21 gün Şakran’da kaldığını belirten Salman, “TEM'de 4 gün, Şakran’da 21 gün, neredeyse bir ay kaldım. Şakran’da ciddi bir sorun yaşamadık ama Menemen’deki arkadaşlar, bir çok sorun yaşadılar. Sayım vermedikleri için çok sıkıntı çekmiş. Fiziksel koşullar her iki cezaevinde de çok kötüydü. Şakran’da fiziksel işkence olmadı ama psikolojik işkence vardı. Fiziksel olarak dokunamayacaklarını biliyorlardı. Avukatlar ve milletvekilleri sık sık gelip bizi desteklediği için görevli memurlar bize dokunamayacaklarının farkındalardı. Menemen’de yaşanan olaylarla ilgili olarak memurlar hakkında soruşturma açıldığını biliyorum” ifadelerine yer verdi. 

Mesele İmamoğlu değildi 

Meselenin İmamoğlu olmadığını dile getiren Selda Salman, “ Bu zamana kadar birçok şeyi Gezi Parkı süreciyle kıyasladık.

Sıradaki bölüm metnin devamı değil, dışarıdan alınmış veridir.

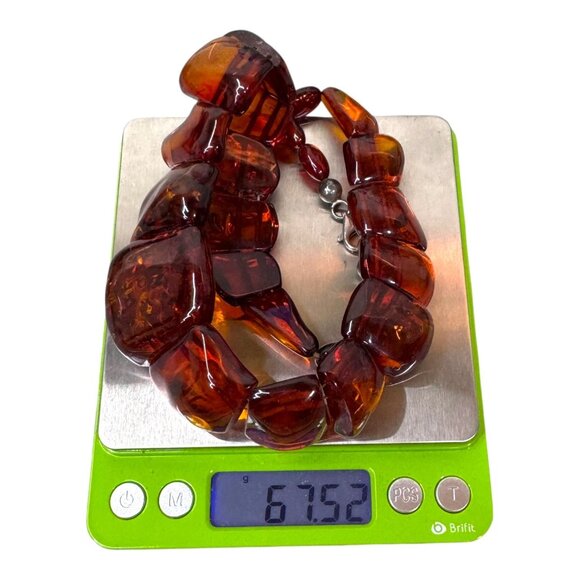 Vintage Collar Baltic Amber Beaded Statement Necklace Sterling Silver 925 Clasp - Picture 7 of 10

Bu mesele üç-beş ağaç meselesi değil dediler ya bu olaylar da sadece Ekrem İmamoğlu meselesi değildi. Ben TİP üyesiyim. Burada halkın iradesine bir darbe vardı. Tıpkı seçilmiş milletvekilimiz Can Atalay’ın yıllardır tutuklu kalması gibi. Elbette bu süreçte simgeleşen isimler var onların mücadelesi bizim için çok kıymetli ama 19 Mart’tan sonra gençlerin etkisiyle bu zincir kırıldı.  2023 Genel Seçimlerinden sonra oluşan suskunluk ve umutsuzluk, 19 Mart itibarıyla kırılmaya başladı. Üniversitelerde, hatta liselerde bu tepkilerin devam edeceğini düşünüyorum. Çünkü insanlar bir kıvılcım bekliyordu, 19 Mart’ta o kıvılcım da gençlik tarafından ateşlendi. İyi ki de gençlik ateşlendi! Bundan sonra da hep birlikte mücadeleye yürüteceğiz. Türkiye çok çalkantılı bir yer. Selçuk Kozağaçlı bir gün serbest bırakılıyor, ertesi gün tekrar tutuklanıyor. Mecliste bir şeyler görüşülüyor. Her şey çok öngörülemez. Çok fazla tespitimiz var ama ne olursa olsun hep mücadele etmek zorunda kalacağız” dedi.